@Ben: The "simplest" argument that gives some bound may be one of those already mentioned, unless somebody finds a really new approach. Jordan's result is impressively general in scope, but the tools relevant to proving it seem quite limited. A more transparent proof would obviously be welcome. But after Frobenius and Schur, the published treatments (Curtis-Reiner, Isaacs,...) are basically similar apart from the way they are integrated with other theorems on finite groups and linear groups. Leaving aside the question of best bounds, it's hard to find a fresh approach.

Your initial formulation of an "equivalence" has no role for $\lambda$ on the left side, so needs some modification. It helps here to cite a particular source.

This is a helpful reference to an out-of-the-way paper, shifting the focus from compact Lie groups to general compact groups. For the published version: MR1950883 (2004c:20069) 20F65 (20E18 20G20) Bass, Hyman (1-MI); Lubotzky, Alexander (IL-HEBR); Magid, Andy R. (1-OK); Mozes, Shahar (IL-HEBR), The proalgebraic completion of rigid groups. Proceedings of the Conference on Geometric and Combinatorial Group Theory, Part II (Haifa, 2000). Geom.Dedicata 95 (2002), 19–58. This seems to be the same as the preprint, but slightly corrected.

Dixmier is certainly a useful reference (though Bourbaki is also available in English). One caution: the North-Holland translation of Dixmier (translator unidentified) was republished without change by AMS in 1996 but listed some misprints at the end; in fact this doesn't include all of the misprints introduced in the translation. I encouraged the AMS to acquire this out-of-print book for the GSM series but wasn't aware then of the extent of misprints. On the other hand, Dixmier added some updates to the English version.
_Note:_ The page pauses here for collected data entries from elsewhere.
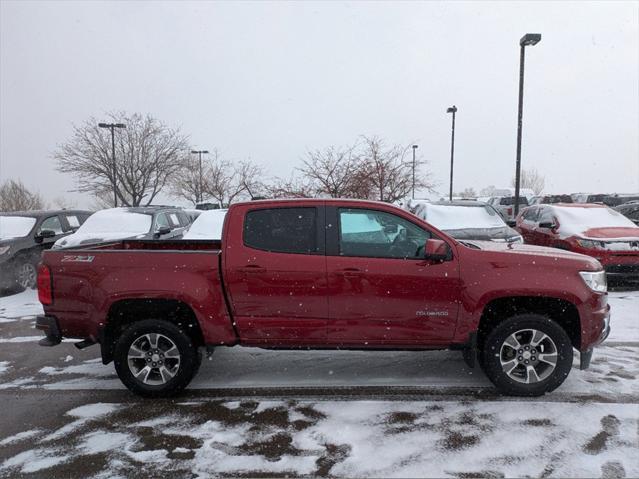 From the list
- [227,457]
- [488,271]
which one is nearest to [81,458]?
[227,457]

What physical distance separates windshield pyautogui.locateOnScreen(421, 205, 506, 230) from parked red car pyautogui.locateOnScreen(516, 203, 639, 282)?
1.00 m

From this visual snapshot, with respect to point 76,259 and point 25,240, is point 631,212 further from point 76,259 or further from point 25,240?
point 25,240

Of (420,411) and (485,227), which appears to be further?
(485,227)

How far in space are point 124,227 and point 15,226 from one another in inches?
87.8

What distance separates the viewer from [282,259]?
14.1ft

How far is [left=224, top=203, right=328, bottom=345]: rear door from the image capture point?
4266mm

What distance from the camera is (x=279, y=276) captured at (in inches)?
168

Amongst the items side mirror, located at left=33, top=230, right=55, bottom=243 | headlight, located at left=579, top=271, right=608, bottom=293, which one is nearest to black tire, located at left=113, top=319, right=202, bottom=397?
headlight, located at left=579, top=271, right=608, bottom=293

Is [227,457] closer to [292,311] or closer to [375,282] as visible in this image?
[292,311]

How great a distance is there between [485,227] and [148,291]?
7.70 meters

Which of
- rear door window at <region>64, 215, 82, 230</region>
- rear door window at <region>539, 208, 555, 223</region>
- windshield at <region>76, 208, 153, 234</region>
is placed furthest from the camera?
rear door window at <region>64, 215, 82, 230</region>

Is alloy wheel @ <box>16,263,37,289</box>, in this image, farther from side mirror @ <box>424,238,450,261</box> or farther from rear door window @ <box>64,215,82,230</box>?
side mirror @ <box>424,238,450,261</box>

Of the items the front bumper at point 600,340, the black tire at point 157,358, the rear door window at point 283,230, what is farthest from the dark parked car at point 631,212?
the black tire at point 157,358

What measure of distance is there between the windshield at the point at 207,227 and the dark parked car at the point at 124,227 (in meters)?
1.10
This reinforces the fact that the notion of "reductive" for a Lie algebra in characteristic 0 has no intrinsic interest, unless you study the Lie algebra of a Lie (or algebraic) group and relate their representations carefully. For affine algebraic groups in any characteristic the notion of "reductive" group is more interesting because of Chevalley's Jordan decomposition and its preservation under rational representations. (But in characteristic $p$ you lose the connection with complete reducibility: a reductive group is "geometrically" reductive but rarely "linearly" reductive.)